Assays were also performed by adding conidia of C. gloeosporioides to soybean seed samples that were negative by LAMP detection to determine the detection limit of the GS-Cg-LAMP assay. Spore suspensions of C. gloeosporioides containing various numbers of conidia (0, 10, 50, 100, 1000, and 10,000) were added to 50 g of soybean seeds. DNA was extracted using the method described above and stored at −20 °C.
Results
Specificity of the GS-cg-LAMP assay
The strains of C. gloeosporioides isolated from different hosts and different areas, several other Colletotrichum spp., and isolates of other fungi were used to confirm the specificity of the GS-Cg-LAMP assay. As shown in Fig. 2 and Table 1, only the samples containing C. gloeosporioides gave positive reactions as indicated by a visible yellow-green color, whereas reactions containing other Colletotrichum spp. or other fungi isolates were negative (orange color). Assays were performed using serial ten-fold dilutions (ranging from 100 ng to 1 fg) of pure C. gloeosporioides genomic DNA to determine the detection limit of the GS-Cg-LAMP assay. The minimum concentration of C. gloeosporioides DNA detected with the GS-Cg-LAMP assay was 1 pg μL−1. This indicated that the GS-Cg-LAMP assay can be used to detect C. gloeosporioides specifically.
Generality of the GS-Cg-LAMP assay for different Colletotrichum gloeosporioides isolates. The C. gloeosporioides isolated from different hosts and different areas were showed as follows: 1, soybean of Shandong; 2, soybean of Jiangsu; 3, soybean of Sichuan; 4, peanut of Hubei; 5–6, grape of Jiangsu; 7–8, pear of Jiangsu; 9–12, rubber of Hainan; 13, C. fishtail palm of Hainan; 14, navel orange of Hainan; 15, negative control
Detection of C. gloeosporioides in diseased soybean tissues
We extracted the DNA from diseased soybean leaves inoculated with C. gloeosporioides to simulate field conditions. All the inoculated soybean tissues reacted positively, similar to the positive control.
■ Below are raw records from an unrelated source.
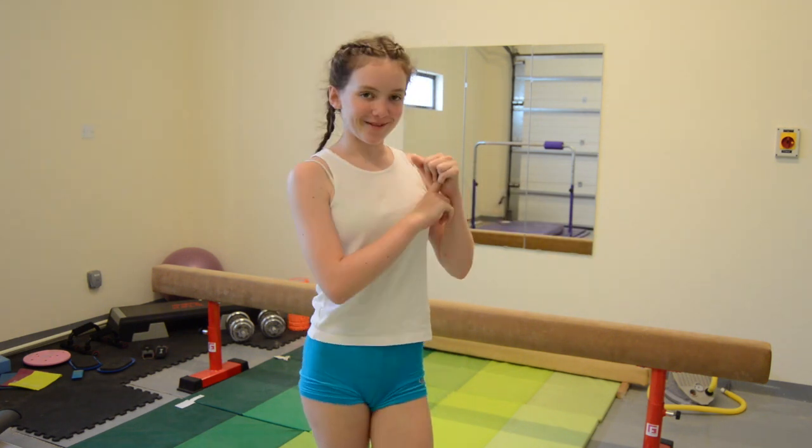Hi guys, today I'm going to be doing another update of what's in my gymnastics room because I'm new to Dubai. I've got way more new equipment and I've got a new room, so without further ado, let's get started.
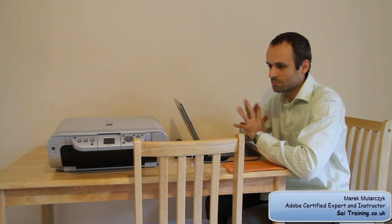Hi, welcome. I'm Marek Mounarcik from sci-e-train.co.uk and this time I have a review for you. I'm known for Adobe certified training and specializing in Photoshop, Lightroom, Dreamweaver, Flash — so photography and web content.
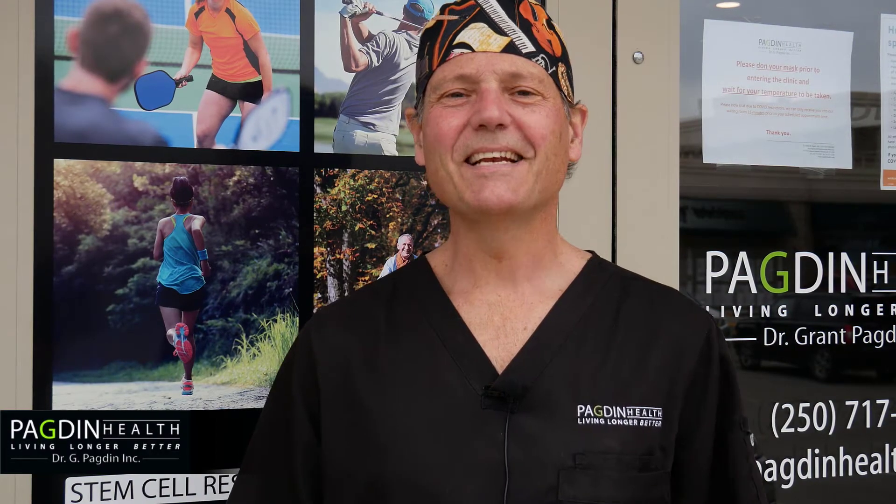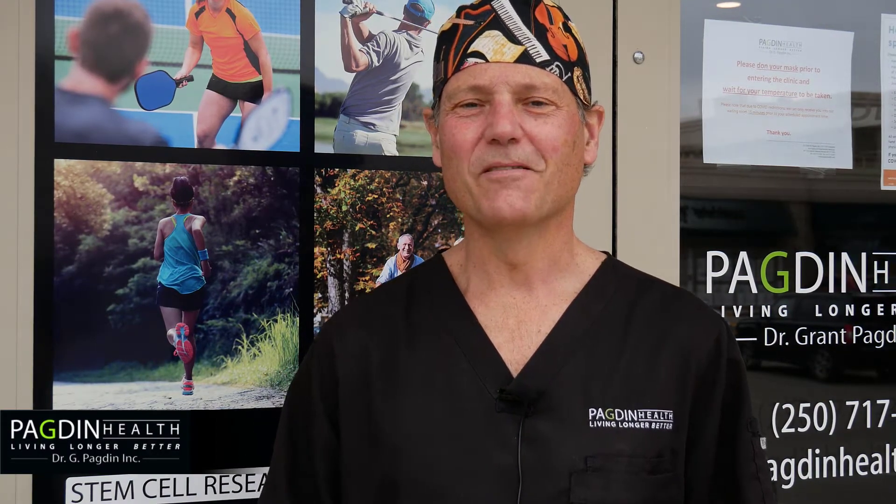Hi there, it's Dr. Grant Pagden. Today we're talking about platelet-rich plasma for the upper extremity.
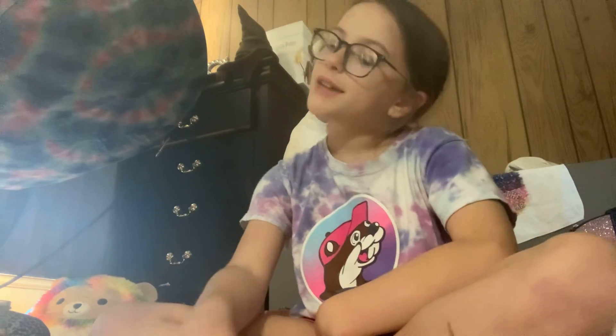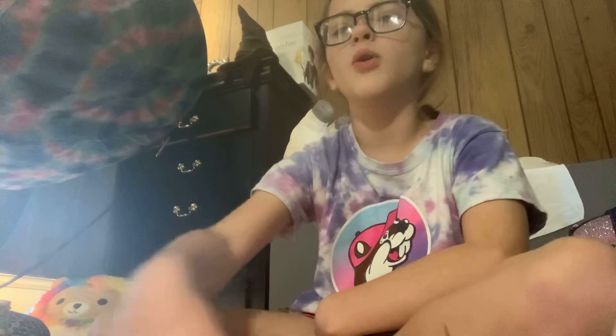So there you have it — that's how you make a homemade DIY squishy, like a paper squishy. Make sure you like, subscribe, and turn on that notification bell so every time I post a new video y'all can watch it. Adios amigos, bye!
We next used the GS-Cg-LAMP assay to detect C. gloeosporioides in samples suspected of having soybean anthracnose collected from the field in the Jiangsu, Anhui, and Hubei Provinces. Of 152 samples analyzed, 65 tested positive in the LAMP assay. Of these samples, 22 were identified using traditional isolation methods (Table 3). The results show that our GS-Cg-LAMP assay was both rapid and accurate compared with traditional isolation methods. The identification of isolates based on morphological characteristics and ITS sequence alignment was consistent with the assay results. The GS-Cg-LAMP assay reported here can be used to diagnose soybean anthracnose caused by C. gloeosporioides in the field rapidly.
Detection of C. gloeosporioides in soybean seeds bought from farmers’ markets
The GS-Cg-LAMP assay was used to detect C. gloeosporioides in ten samples of soybean seeds obtained from farmers’ markets. C. gloeosporioides was identified in four samples from the Jiangsu, Shandong, and Zhejiang Provinces.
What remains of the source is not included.